Les critiques soulignent une différence fondamentale : les services publics traditionnels créent de nouvelles infrastructures, tandis que l'entraînement des modèles d'IA repose massivement sur des données (textes, œuvres d'art, code) collectées sur internet, souvent sans autorisation ni compensation pour leurs créateurs. Ce modèle de "matière première gratuite, produit vendu" est contesté.
De plus, la tarification par token s'éloigne des principes d'un service public universel. Contrairement à un prix régulé et uniforme pour l'électricité, la tarification des tokens est variable, discriminante et définie unilatéralement par les fournisseurs, visant à maximiser les revenus.

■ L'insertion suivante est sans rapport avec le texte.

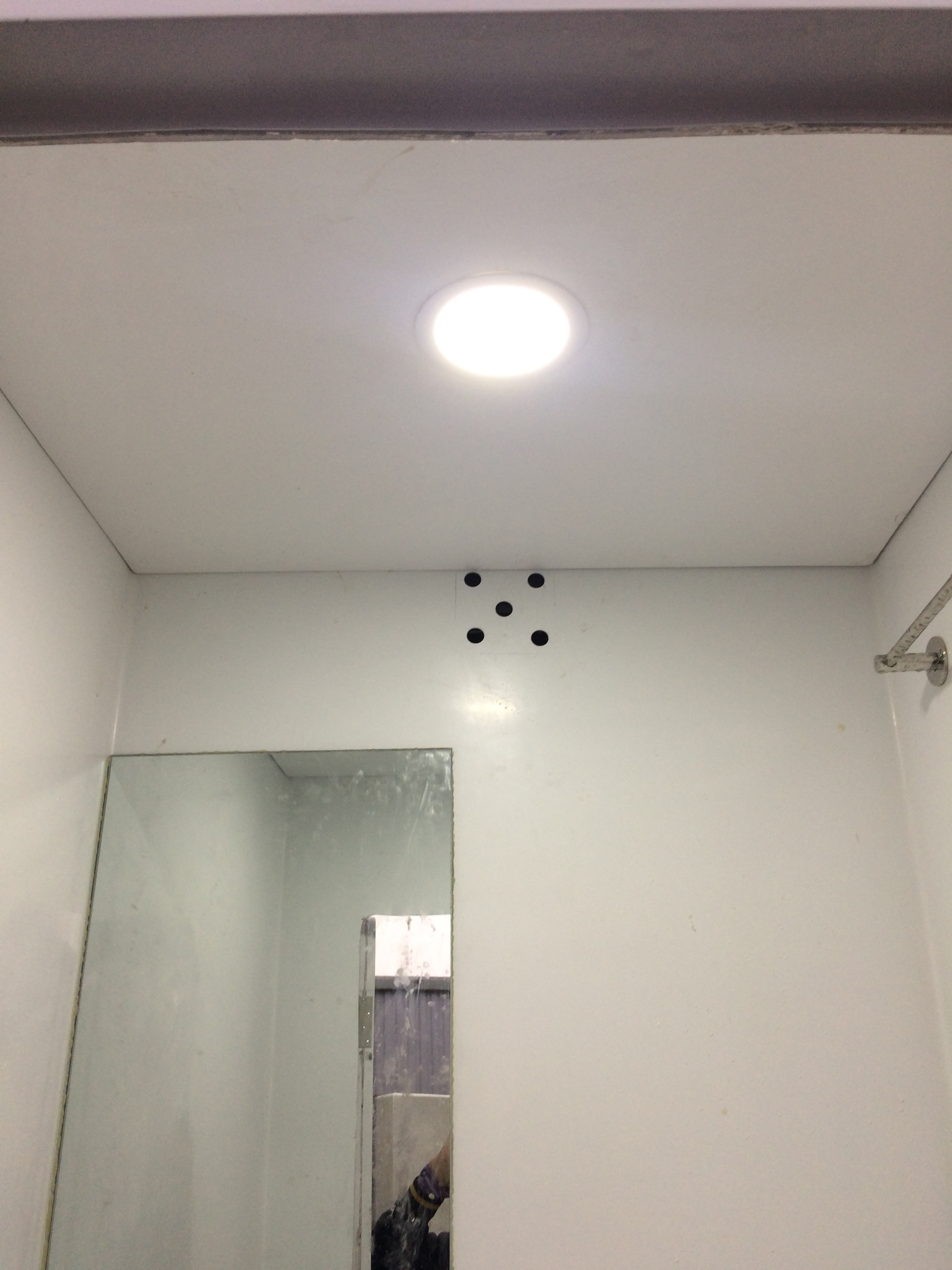 Đèn âm trần và gương vệ sinh dán tường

Juridiquement, le "fair use" protège encore souvent les entreprises d'IA. Cependant, leurs propres achats de données sous licence (comme les accords d'OpenAI avec Reddit) sapent l'argument d'un usage totalement libre et gratuit.
En conclusion, si l'IA devient une infrastructure, elle n'est pas encore une "utilité publique". Trois failles persistent : la question non résolue de la propriété des données d'entraînement, un modèle de tarification éloigné du service universel, et l'absence de cadre de gouvernance publique. Une véritable infrastructure nécessiterait des mécanismes équitables de répartition des bénéfices pour les créateurs.